Aretha Franklin blocks screening of documentary about her
On Friday, Aretha Franklin was able to convince a judge to block a screening at the Telluride Film Festival of a documentary about her 1972 concert because the documentary did not have her written consent.
On Friday, Aretha Franklin was able to convince a judge to block a screening at the Telluride Film Festival of a documentary about her 1972 concert because the documentary did not have her written consent.
Franklin said that she had been fighting against the documentary “Amazing Grace” for years and that she was horrified to hear that it would be screened three times at the festival.
“For him to show that film, for him to completely and blatantly ignore me would be terrible,” she said of the film’s producer, Alan Elliot.
“For him to do that would encourage other people to do the same thing and have no respect for me.”
But attorneys for the film festival complained that the move for the cancellation had been so last-minute and further pointed out that it was entirely possible, based on a contract Franklin signed in 1968, that she had already signed away the rights to recordings of her concerts.
“There’s a real, substantial likelihood that Ms.

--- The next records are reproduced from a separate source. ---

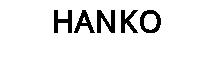 HANKO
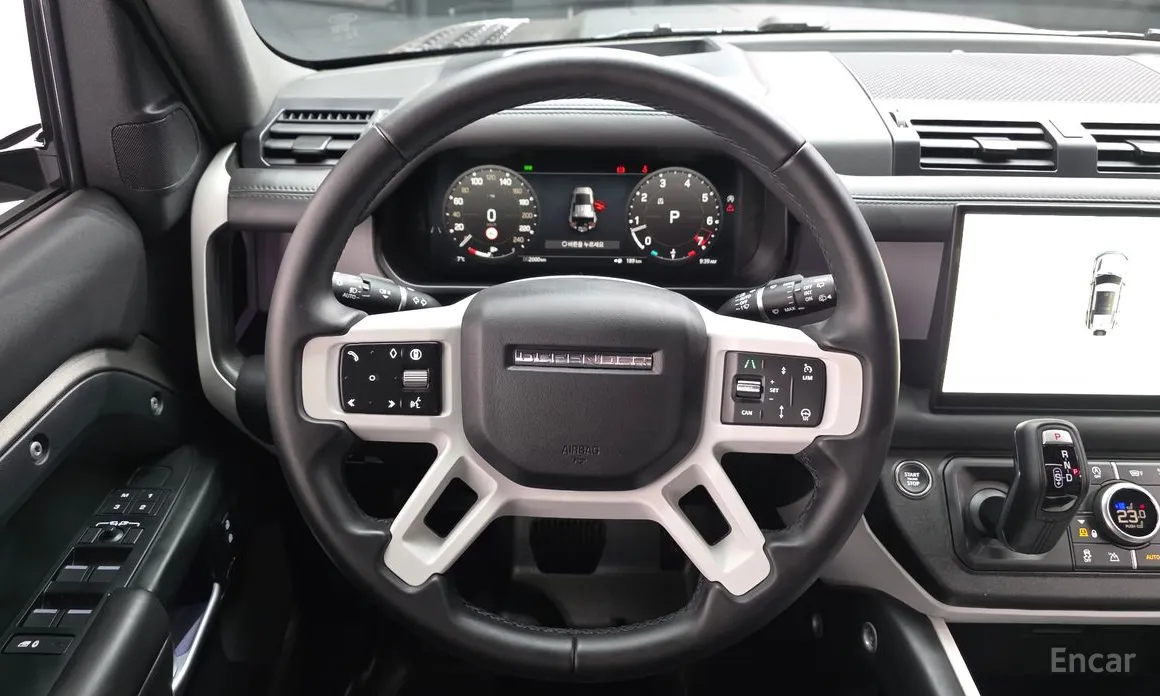 Фото 13 - Land Rover Defender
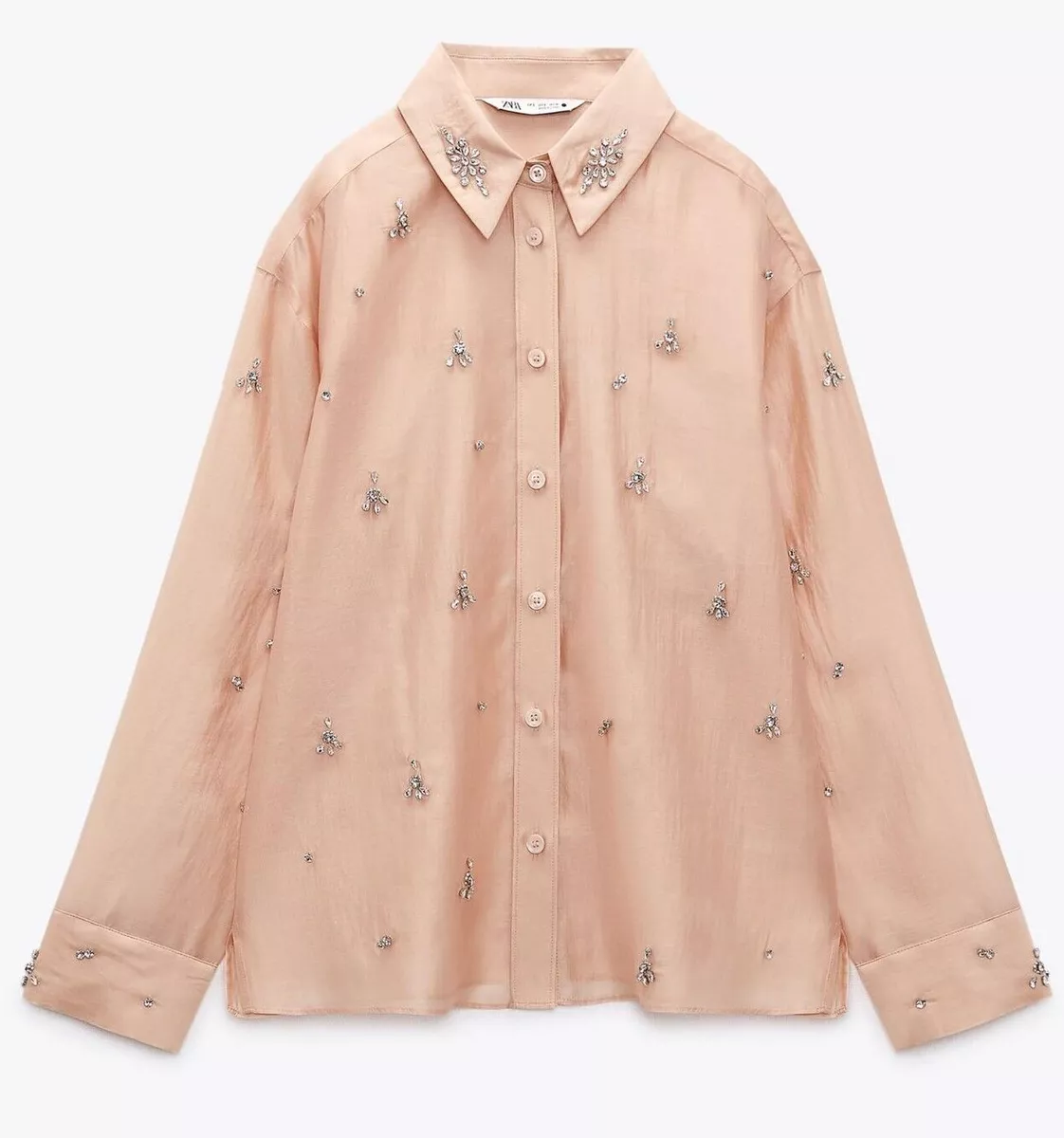 Pink poplin shirt discount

Franklin does not own the rights to the images in that picture,” attorney Cecil Morris said. “It is not appropriate at the very last instant on a Friday afternoon before a 7:30 showing to seek this remedy.”
Although it is possible that the festival can seek an appeal, it would have to happen before Sunday, when the last of the screenings take place.
Franklin says in a statement issued Saturday: “Justice, respect and what is right prevailed and one’s right to own their own self-image.”